Any remuneration paid to the voluntary liquidator prior to the presentation of the petition for winding up does not need to be approved by the court. However, where a voluntary liquidator claims to be entitled to remuneration but has not been paid prior to the presentation of the petition, he should make an application to the court under rule 4.219 to determine –  

  1. how much remuneration he is to be allowed, and
  2. what expenses incurred by him are to be allowed.  

These items will rank in priority with the expenses specified in rule 4.218(3)(a) (see Chapter 36 for further details of priority of payment of expenses). If the former voluntary liquidator does not make such an application the official receiver should draw this omission to the court’s attention. If the official receiver is concerned, for whatever reason, at the deduction already made from the assets of the company, he may make an application to the court. Generally, the voluntary liquidator will apply to the court by claim form in which the official receiver or liquidator is made the respondent. The claim form should be supported by a witness statement setting out the former voluntary liquidator’s remuneration and expenses. The official receiver’s report should be filed in court prior to the hearing and should include a brief summary of the events leading from the passing of the resolution for voluntary liquidation to the making of the winding-up order. The official receiver should consider the amount of remuneration (if any) already paid to the voluntary liquidator, the authority under which it was paid and if this amount is comparable to the rate which would have been charged by the official receiver. If there is a substantial difference, this fact should be included in the report to the court. The official receiver should also consider whether there were any special circumstances arising in the voluntary liquidation which would have warranted a higher level of remuneration being charged.  

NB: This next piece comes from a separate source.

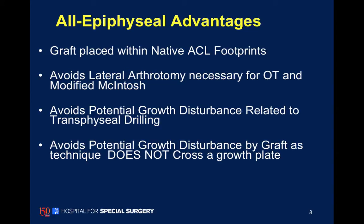This allows us to place our graft in the knee anatomically at the ACL footprint. It avoids the lateral arthrotomy and helps avoid the potential for growth disturbance, and again does not cross the growth plate.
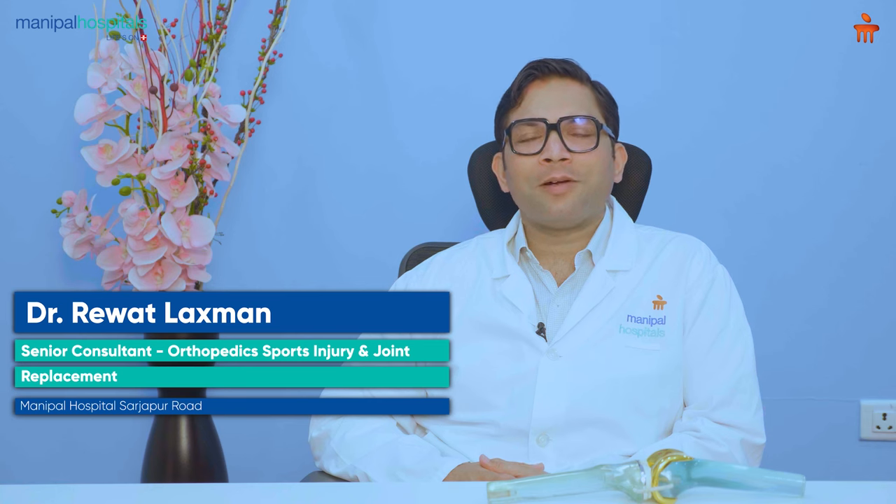I'm Dr. Riyadh Lakshman. I'm a senior consultant in orthopedics, joint replacement, sports injuries, and trauma at Manipal Hospital, Sarjapurur.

The official receiver will need to confirm that the expenses incurred in the preparation of a statement of affairs and convening meetings were reasonable and necessary and also that other expenses (e.g. agents’ and legal fees) were properly incurred. If the expenses are unreasonable, or if unnecessary work has been done, the official receiver should comment in his report to the court. Where a winding-up order is made immediately after a voluntary liquidation, the remuneration and expenses of the voluntary liquidator allowed by the court are payable in priority with (i.e. on a par with) the expenses properly incurred by the official receiver or the liquidator in preserving, realising or getting in the company’s assets. 

Notes: [r4.219][r4.218(1)(a)] 

 

56.184 Appointment of former voluntary liquidator as liquidator  

There is no statutory provision to prevent a former voluntary liquidator accepting nomination as liquidator of the company when a winding-up order is made, but he will need to consider whether there would be any conflict of interest or other difficulties in accepting the nomination. The official receiver should consider whether any complaints have been received relating to the administration of the voluntary liquidation and whether some objection might be made to the nomination of the former voluntary liquidator and, if so, bring these matters to the attention of the meetings (see paragraphs 16.80 and 16.81). Where a former voluntary liquidator is subsequently appointed to be liquidator of the company, it is not necessary for a further certificate of specific penalty (security) to be issued in respect of the later appointment. 

Notes: [Reg 13 IPR] 

 

56.185 Disqualification  

If a winding-up order follows a creditors’ voluntary liquidation, any disqualification report submitted by the voluntary liquidator will be noted on ISCIS  and Intelligence Directorate will, on request, forward a copy of any conduct report to the official receiver, on a confidential basis. The official receiver should bear in mind that an application for a disqualification order should be made within 2 years of the date of the company going into liquidation at a time when it was insolvent (see Enforcement Investigation Guide). The leave of the court is required for the bringing of proceedings outside this period.